El Café (Amargura 358) A great breakfast and lunch spot, especially those looking for something familiar like… avocado toast and an iced latte.
Michifú (Calle Concordia + Escobar) I accidentally stumbled across this hidden gem in Central Havana with great art and live music. It’s owned by a Frenchman, meaning that in addition to classics like langosta enchilada, you’ll find dishes like foie gras and duck rillettes.
El Chanchullero (Bernaza + El Cristo, 457) A popular spot for both tourists and locals known for its fair prices + central location overlooking Plaza del Cristo.

Bars
Bar Melodrama (Obrapía 511) Great cocktails (try the ginger mojito — wow, and the Bloody Mary — they make their own Worcestershire sauce), great bartenders, great vibe. Bar Melodrama would be successful in any city.
La Dichosa (Obispo + Compostela) The kind of place you can easily have too much fun: $1 mojitos, live music all day, a nice mix of tourists and locals, and one of the best bartenders around — if you see Felix, say hi!
Fábrica de Arte Cubano (Calle 26 in between 11 + 13, Vedado) A must-visit multidisciplinary arts space and popular nightclub housed in a former cooking oil factory.

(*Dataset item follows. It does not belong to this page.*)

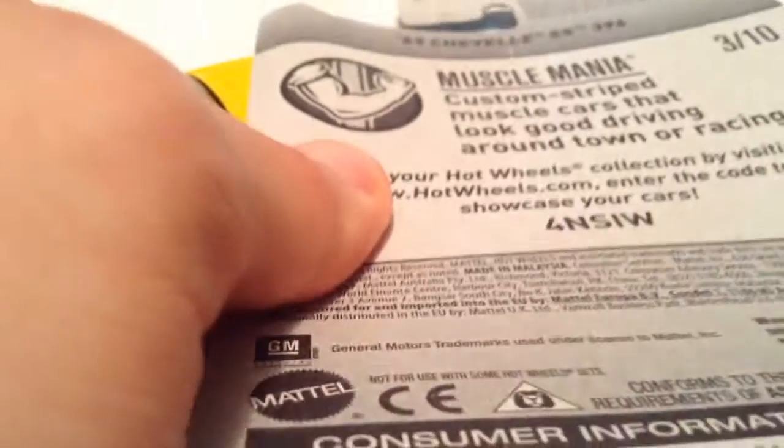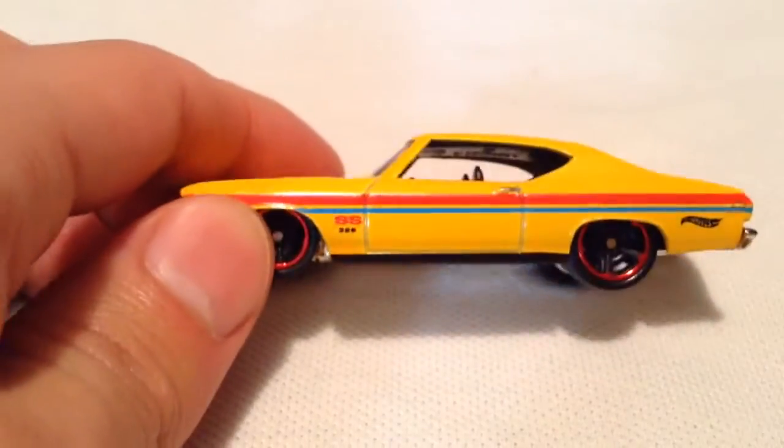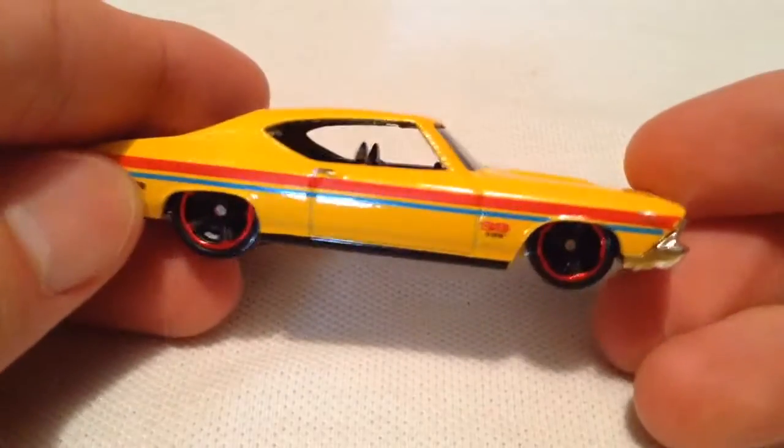This would be the Super Treasure Hunt. This of course is just the regular, not the Super Treasure Hunt, but this would be the Super Treasure Hunt casting for L-Case, I believe. But anyways, there it is, pretty cool. I think the Super has it in gold.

Cervecería Antiguo Almacén de la Madera y El Tabaco (Avenida Puerto y San Pedro) An old wood and tobacco warehouse turned microbrewery — very fittingly for Cuba, you have two options of beer: dark or light.
Hotel Nacional (Calle 21 + O) This was THE place to be in its heyday, with Frank Sinatra, Ernest Hemingway, the United States Mafia, and Winston Churchill among those who stayed there. It’s worth stopping by the hotel’s terrace, which overlooks the sea and still holds a semblance of its former glamor, for a drink.
La Zorra y El Cuervo (between N + O, Ave. 23) A legendary — if not slightly bare-boned in that probably-government-run way — jazz bar in Havana. Some performers are better than others — nominal cover charge.
There are dozens of well-known places I haven’t included that you will surely come across in your research. This is just a short selection of my absolute favorites — enjoy!
Final word: Cuba in 2025 remains one of the most unique travel destinations in the Caribbean. Visiting responsibly means supporting locals, embracing the culture, and experiencing Havana’s unforgettable spirit.